The "duckling" in the film's title refers to a Donald Duck doll that has its head removed by a girl with an intellectual disability, which provides a clue to the murders.
In the small Southern Italian village of Accendura, three local boys, Bruno, Michele, and Tonino are engaged in mischief and other activities. Giuseppe Barra (Vito Passeri) a local simpleton, spying on two locals engaged with visiting prostitutes, is surprised when the three boys who are watching him begin to taunt him. Meanwhile, in the hills surrounding the village, a reclusive Gypsy witch named La Magiara (Florinda Bolkan), is conducting sinister black magic ceremonies, first by digging up the skeletal remains of an infant, and then plunging pins through the heads of three tiny clay dolls. It is made clear that these are the three youths taunting Giuseppe.
When Bruno goes missing, a media circus begins as reporters from all over Italy converge on the town.
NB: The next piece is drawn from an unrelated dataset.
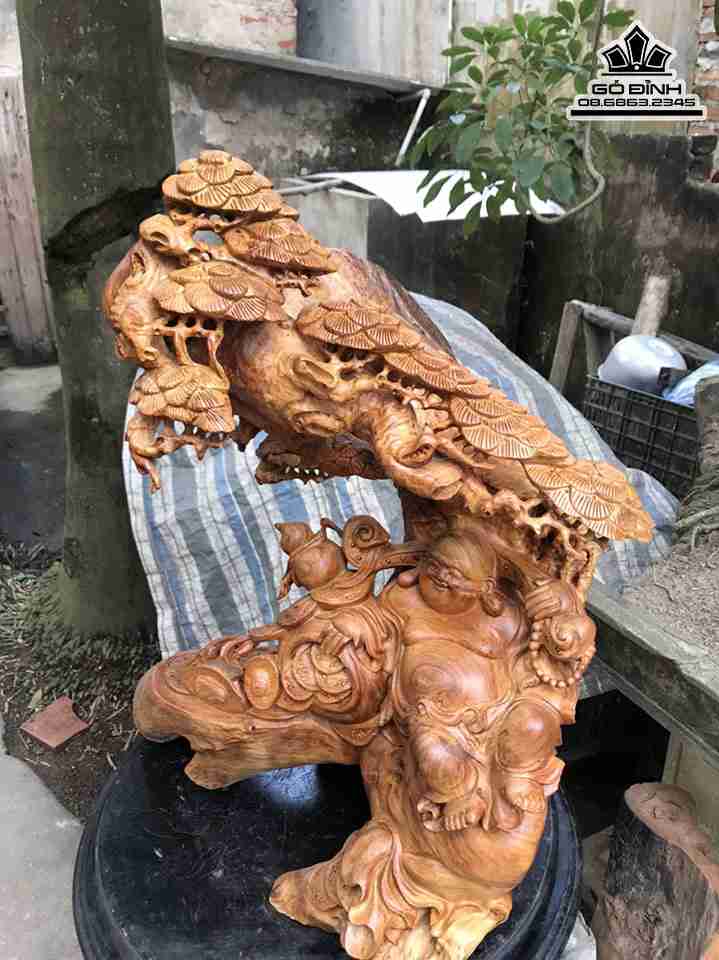 Tuong-Phat-Di-Lac-Ngoi-Goc-Tung-Go-Huong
One of them is Andrea Martelli (Tomas Milian) a sharp-witted journalist from Rome whose insights into the case are acknowledged by the regional police commissioner (Virginio Gazzolo) working with the collaboration of the village chief of police Captain Modesti (Ugo D'Alessio). Amid local hysteria, Giuseppe is arrested when he picks up a ransom he demanded from the boy's parents for the boy's return. While he takes police to the buried body of Bruno, he protests his innocence of murder for he claims to have only discovered the body of the boy and then phoned the parents in a feeble attempt to extract a surprisingly small ransom. When the corpse of Tonino is found, the police realize that Giuseppe is innocent. A few nights later during a raging thunderstorm, Michele sneaks out of his house to meet with someone he speaks to over the phone, and he too is strangled by an unseen assailant and his body is found the following morning.
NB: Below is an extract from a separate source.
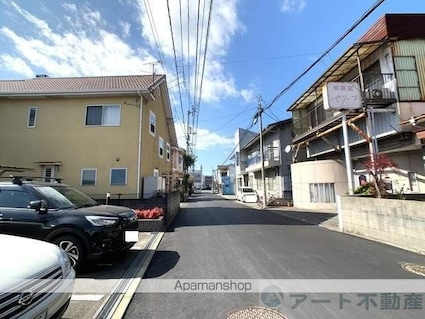 レオパレスエテルネ[1K/19.87m2]の駐車場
Martelli soon meets and befriends Patrizia (Barbara Bouchet) whom he recognizes from newspapers where he used to work in Milan. Patrizia is living at her father's house in the town as she is laying low after a drug scandal. She is ostracized by the rest of the insular villagers, because of her big-city ways, perceived lack of morality, and modern style of dress with halter-tops and mini-skirts. She has various seemingly sinister interactions with several children from the town, including Michele, with whom she seductively teases, then rejects, while nude; Mario, a young boy whom she offers the choice of either payment or a kiss in exchange for fixing a flat tire; and Malvina, priest Don Alberto’s disabled sister, who is dragged by Patrizia across the town square against her will, in order that Patrizia could buy Malvina a doll.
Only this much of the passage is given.